The early stage of my life in the foster system was definitely a struggle for me. I honestly didn’t feel as though I truly belonged anywhere. For starters, my lifestyle changed extremely abruptly. I went from having everything I wanted material wise at my fingertips, but lacked love and nurture to merging with families who may not have had all the material things I was used to but somehow found it within their hearts to open their homes to someone else’s child so selflessly. At fourteen I was arrested for assault (even though it was in self-defense), I had developed a severe addiction to prescription medicine that I used recreationally, and I would often get into trouble for running away and doing my own thing. By the time I turned fifteen I found myself dangerously emerged in alcohol, cocaine, risky sexual situations and an abundance of self-harm. I was thrown into sex work for about a year by somebody extremely close to me under the guise it would solve their drug debt problems, and the same person had injected me with heroin with zero regard for my life. I lost a part of myself somewhere in the mix and felt very disconnected from almost everybody. I didn’t know who I was, what people expected of me, or what I expected in others. I didn’t want to live, I didn’t feel as though I mattered and my soul was broken.

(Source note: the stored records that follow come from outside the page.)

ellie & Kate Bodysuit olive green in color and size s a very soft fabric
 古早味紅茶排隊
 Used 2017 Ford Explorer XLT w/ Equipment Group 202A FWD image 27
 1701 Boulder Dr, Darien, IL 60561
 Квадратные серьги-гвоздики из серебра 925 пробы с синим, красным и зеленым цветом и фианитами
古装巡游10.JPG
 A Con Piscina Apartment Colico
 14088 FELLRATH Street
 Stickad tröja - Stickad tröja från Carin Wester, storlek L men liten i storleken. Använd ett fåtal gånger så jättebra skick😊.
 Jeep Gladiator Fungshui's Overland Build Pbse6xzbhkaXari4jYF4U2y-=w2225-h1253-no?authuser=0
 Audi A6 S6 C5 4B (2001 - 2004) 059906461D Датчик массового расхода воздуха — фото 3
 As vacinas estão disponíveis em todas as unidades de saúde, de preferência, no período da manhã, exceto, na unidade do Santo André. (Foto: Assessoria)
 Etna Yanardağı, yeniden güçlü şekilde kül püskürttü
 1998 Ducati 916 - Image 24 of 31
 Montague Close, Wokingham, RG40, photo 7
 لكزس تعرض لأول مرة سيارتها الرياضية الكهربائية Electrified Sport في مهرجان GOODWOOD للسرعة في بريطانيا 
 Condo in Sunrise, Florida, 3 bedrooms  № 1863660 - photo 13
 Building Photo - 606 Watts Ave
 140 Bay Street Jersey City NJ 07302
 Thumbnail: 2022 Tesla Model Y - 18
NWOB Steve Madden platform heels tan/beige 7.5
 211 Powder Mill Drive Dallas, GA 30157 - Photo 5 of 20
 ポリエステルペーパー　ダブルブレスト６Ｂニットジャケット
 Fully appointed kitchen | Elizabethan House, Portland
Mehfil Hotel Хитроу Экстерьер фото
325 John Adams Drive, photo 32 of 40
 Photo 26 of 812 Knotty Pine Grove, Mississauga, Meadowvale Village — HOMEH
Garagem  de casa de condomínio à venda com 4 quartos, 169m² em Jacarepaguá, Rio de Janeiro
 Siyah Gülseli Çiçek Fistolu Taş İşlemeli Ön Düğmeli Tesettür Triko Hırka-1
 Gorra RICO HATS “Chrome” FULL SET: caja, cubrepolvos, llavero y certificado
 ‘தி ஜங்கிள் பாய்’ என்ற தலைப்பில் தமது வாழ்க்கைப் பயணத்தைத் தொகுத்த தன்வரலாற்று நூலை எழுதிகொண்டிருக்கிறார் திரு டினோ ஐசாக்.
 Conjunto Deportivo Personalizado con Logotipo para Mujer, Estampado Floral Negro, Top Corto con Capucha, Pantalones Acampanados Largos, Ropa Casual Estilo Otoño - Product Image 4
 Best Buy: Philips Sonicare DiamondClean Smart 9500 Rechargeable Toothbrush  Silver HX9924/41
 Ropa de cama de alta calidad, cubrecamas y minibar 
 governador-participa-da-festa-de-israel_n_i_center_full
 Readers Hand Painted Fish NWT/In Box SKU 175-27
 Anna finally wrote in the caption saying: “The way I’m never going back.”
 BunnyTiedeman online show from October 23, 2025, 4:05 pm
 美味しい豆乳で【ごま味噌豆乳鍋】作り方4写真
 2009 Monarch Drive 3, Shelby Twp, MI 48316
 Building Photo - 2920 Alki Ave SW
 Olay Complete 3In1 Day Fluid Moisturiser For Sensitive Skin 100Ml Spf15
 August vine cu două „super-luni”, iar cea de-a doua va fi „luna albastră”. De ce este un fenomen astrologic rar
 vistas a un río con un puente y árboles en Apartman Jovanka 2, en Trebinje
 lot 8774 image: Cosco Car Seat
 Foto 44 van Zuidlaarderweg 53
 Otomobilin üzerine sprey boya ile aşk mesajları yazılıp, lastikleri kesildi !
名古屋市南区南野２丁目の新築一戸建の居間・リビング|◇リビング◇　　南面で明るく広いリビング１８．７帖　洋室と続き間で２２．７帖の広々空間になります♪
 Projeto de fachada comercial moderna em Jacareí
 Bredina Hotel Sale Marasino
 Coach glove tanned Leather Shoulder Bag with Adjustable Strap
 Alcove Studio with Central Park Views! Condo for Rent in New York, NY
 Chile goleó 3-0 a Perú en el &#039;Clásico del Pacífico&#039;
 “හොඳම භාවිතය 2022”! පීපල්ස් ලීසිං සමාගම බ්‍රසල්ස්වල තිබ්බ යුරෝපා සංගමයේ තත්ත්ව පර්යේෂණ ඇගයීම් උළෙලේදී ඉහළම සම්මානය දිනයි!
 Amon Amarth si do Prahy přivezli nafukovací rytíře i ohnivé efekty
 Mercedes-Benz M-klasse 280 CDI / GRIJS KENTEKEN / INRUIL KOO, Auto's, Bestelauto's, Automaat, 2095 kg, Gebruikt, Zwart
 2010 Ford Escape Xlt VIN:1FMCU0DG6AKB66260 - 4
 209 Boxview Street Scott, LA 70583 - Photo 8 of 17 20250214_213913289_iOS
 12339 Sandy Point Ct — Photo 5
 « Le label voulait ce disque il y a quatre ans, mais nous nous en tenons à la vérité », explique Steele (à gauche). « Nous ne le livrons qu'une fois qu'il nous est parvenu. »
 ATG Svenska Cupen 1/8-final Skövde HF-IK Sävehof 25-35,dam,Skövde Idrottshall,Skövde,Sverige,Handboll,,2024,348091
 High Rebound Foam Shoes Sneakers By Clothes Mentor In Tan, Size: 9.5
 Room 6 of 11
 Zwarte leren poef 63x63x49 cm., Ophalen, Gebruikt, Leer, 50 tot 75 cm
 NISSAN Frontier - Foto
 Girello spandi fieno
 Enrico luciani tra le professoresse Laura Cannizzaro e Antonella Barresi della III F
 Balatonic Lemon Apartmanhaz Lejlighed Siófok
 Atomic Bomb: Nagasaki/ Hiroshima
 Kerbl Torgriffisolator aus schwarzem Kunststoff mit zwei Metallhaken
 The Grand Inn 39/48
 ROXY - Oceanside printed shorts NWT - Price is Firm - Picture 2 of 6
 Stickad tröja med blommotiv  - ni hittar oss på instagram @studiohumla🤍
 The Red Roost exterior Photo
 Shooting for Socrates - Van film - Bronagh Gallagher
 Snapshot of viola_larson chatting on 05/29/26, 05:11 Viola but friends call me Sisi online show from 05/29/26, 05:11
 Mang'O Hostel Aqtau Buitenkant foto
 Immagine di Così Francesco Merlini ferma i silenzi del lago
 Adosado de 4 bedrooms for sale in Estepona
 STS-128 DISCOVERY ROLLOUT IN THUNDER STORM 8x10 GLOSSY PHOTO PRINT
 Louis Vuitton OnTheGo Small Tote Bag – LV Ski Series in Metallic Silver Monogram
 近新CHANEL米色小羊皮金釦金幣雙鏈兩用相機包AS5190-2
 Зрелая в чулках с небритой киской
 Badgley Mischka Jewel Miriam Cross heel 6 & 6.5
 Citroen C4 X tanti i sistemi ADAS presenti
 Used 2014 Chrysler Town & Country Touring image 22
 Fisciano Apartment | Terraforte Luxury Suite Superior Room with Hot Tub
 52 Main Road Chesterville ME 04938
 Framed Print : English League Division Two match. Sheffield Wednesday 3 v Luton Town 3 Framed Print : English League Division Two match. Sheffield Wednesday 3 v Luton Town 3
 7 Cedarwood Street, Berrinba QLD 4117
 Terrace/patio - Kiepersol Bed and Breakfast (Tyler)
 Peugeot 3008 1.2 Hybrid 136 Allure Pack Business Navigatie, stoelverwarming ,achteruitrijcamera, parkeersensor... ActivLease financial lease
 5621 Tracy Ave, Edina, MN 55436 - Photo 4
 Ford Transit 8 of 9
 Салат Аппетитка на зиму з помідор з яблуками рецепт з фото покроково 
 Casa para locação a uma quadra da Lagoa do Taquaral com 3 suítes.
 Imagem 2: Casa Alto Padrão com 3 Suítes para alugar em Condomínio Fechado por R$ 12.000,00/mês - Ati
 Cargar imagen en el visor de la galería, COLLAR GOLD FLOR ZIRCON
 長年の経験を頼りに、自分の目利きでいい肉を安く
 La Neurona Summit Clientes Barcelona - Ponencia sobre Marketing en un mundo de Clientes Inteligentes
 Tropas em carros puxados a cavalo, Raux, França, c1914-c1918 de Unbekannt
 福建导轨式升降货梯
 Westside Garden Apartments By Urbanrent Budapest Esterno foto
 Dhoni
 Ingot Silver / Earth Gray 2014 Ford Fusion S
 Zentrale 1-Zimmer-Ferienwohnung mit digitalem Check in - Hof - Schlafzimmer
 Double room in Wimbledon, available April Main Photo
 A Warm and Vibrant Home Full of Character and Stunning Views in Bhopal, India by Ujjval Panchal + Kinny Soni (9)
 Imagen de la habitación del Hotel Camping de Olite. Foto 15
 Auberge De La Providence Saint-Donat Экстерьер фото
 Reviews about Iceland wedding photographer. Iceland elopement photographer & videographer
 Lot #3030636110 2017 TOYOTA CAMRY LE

Currently I am twenty years old and I work hard at maintaining a healthy and active lifestyle. I am not perfect, I’m not magically cured, I still find myself dealing with struggles almost daily stemming from my childhood. I still suffer from horrendous nightmares and flashbacks that are at times physically crippling. I struggle with sleep and have anxiety problems that overwhelm me often. As I have grown older I know that my past does not define me, even when it feels as though I can’t escape it at times. Within the past three years I have really spent a lot of time reflecting in many areas of my life. I have completely eliminated alcohol, cocaine and risky sex from my life. I take pride in the fact that I have had such a strong, positive role in my nephew’s life and I am confident he will never have to wonder what unconditional love is all about. I have built lasting relationships with people whom I know I can turn to, whom I trust and will support me no matter what life throws my way. I have allowed myself to open up emotionally with those I choose to hold dear to me and to experience love in a way I was never offered.
Life is tricky, and circumstances change, but if each day you can find a little bit of encouragement inside of yourself, you are really allowing yourself a special gift. People adapt and grow every day, experiences mold and help shape a person as they carry through time. My experiences have taught me many lessons, some hard and some just so blatantly obvious. All I can do is choose to be the best person I know how to be. What you do matters…who you are matters. There is someone who is looking up to you whether you realize it or not. Set the intention to grow daily and put your best foot forward to become the best version of you! Everyone deserves that in themselves. Whether you tell yourself you can or you can’t….remember that you’re right.